What is expected
Check each line of the material below for "صورة", then copy the ones that contain it.

Exercise inputs

--- --- ---

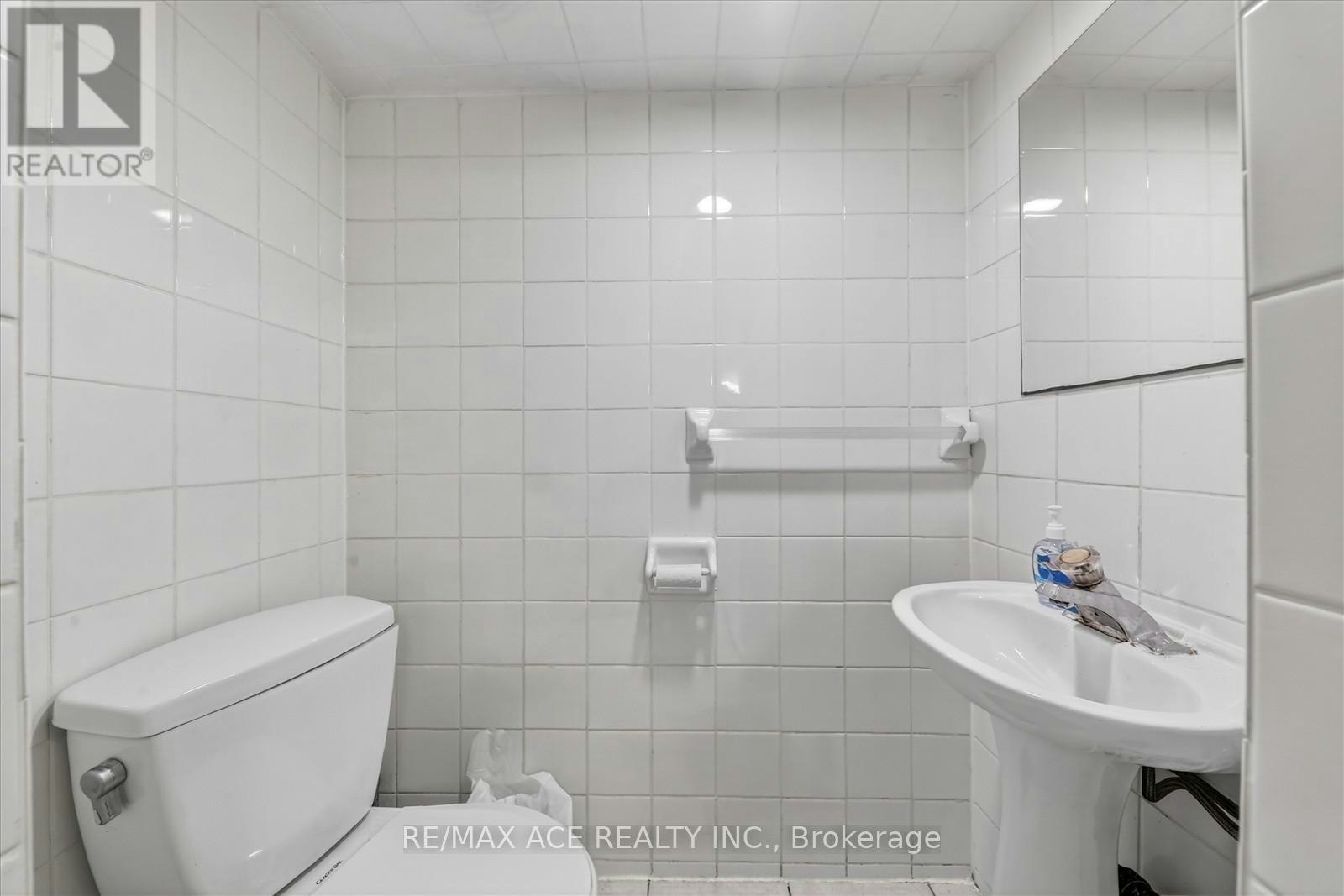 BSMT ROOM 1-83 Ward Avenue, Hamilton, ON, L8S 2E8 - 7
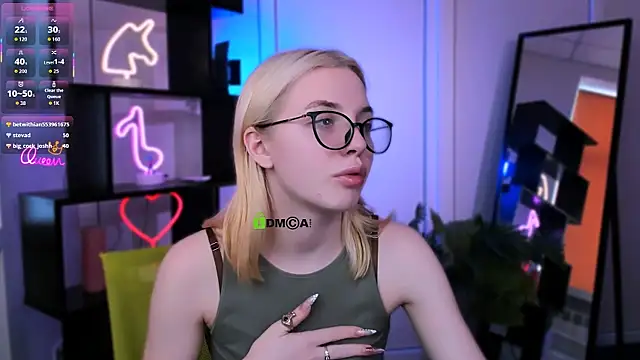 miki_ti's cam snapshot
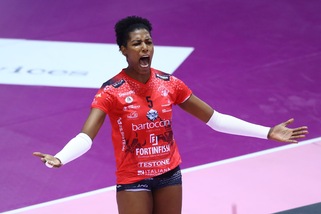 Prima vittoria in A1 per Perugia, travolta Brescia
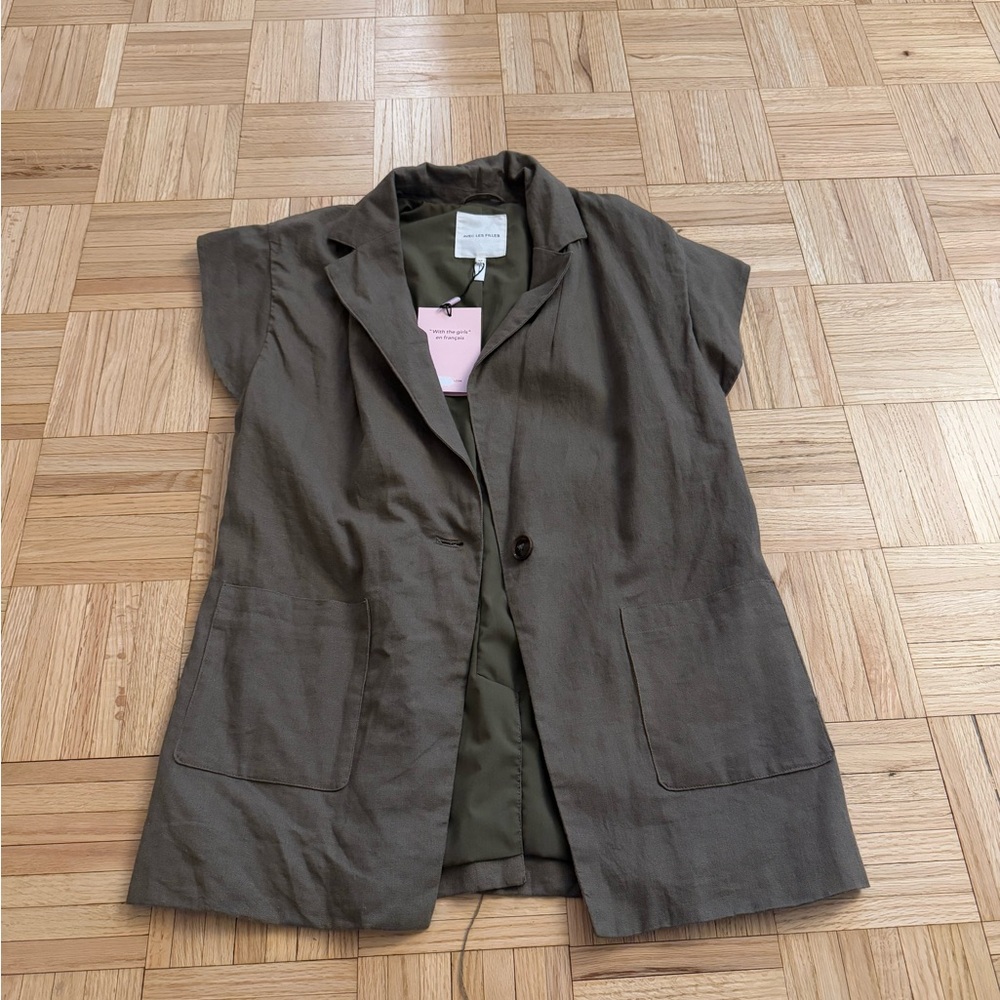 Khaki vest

--- --- ---

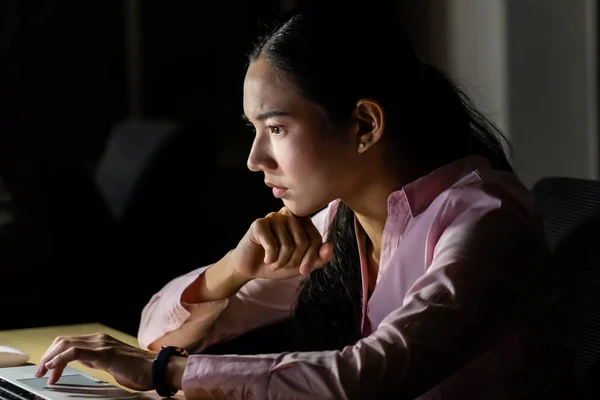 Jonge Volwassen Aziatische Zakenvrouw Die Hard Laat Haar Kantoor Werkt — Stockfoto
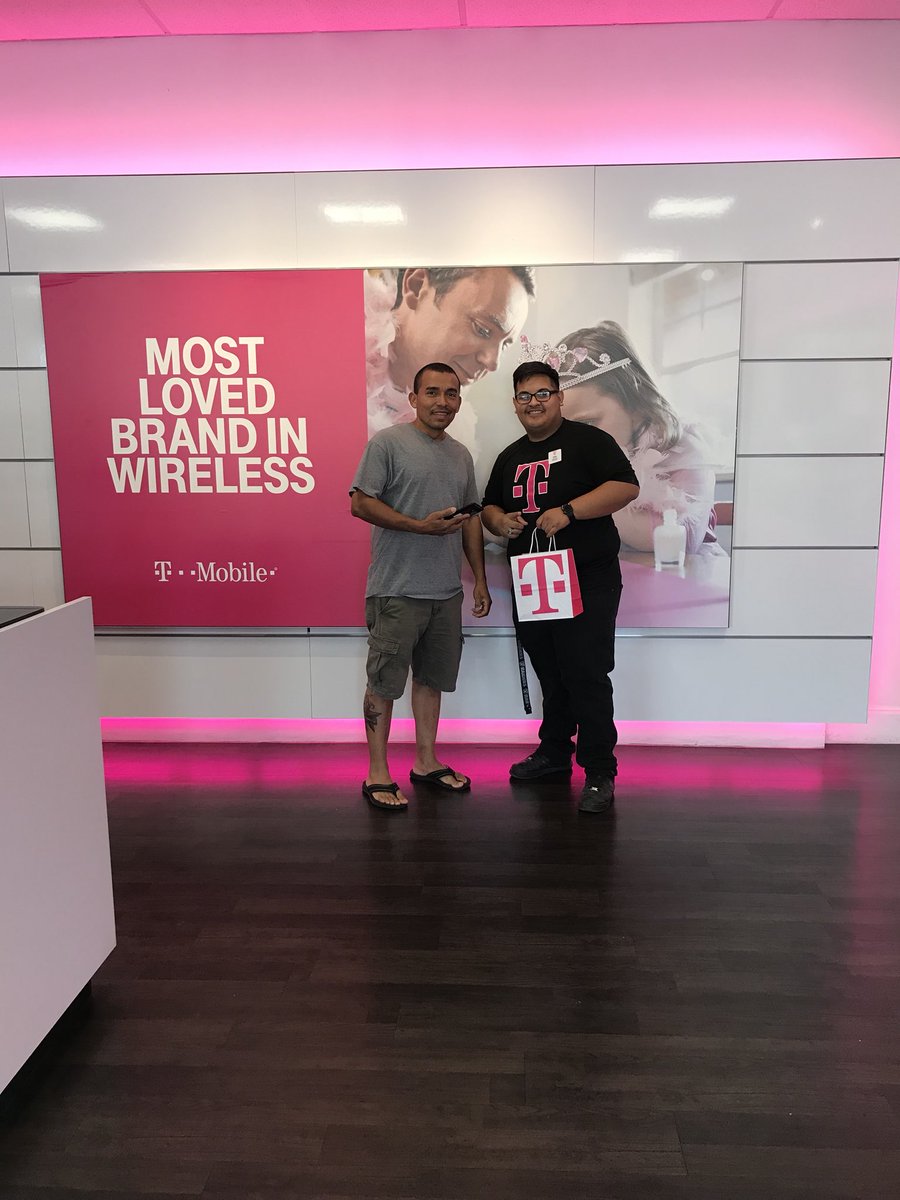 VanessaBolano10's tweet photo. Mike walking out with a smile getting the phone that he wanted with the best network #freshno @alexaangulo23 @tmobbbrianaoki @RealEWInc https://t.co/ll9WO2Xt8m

--- --- ---

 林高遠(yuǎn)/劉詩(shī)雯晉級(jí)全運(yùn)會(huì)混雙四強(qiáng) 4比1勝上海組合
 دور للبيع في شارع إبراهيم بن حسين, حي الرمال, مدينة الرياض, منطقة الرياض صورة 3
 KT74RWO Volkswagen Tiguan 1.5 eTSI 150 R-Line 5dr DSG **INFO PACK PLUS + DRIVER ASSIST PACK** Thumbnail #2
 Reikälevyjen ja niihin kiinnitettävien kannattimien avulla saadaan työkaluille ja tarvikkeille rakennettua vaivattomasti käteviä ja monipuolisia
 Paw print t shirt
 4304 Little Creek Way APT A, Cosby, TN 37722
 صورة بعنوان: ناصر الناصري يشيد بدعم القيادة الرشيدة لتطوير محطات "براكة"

--- --- ---

Task solution
 دور للبيع في شارع إبراهيم بن حسين, حي الرمال, مدينة الرياض, منطقة الرياض صورة 3
 صورة بعنوان: ناصر الناصري يشيد بدعم القيادة الرشيدة لتطوير محطات "براكة"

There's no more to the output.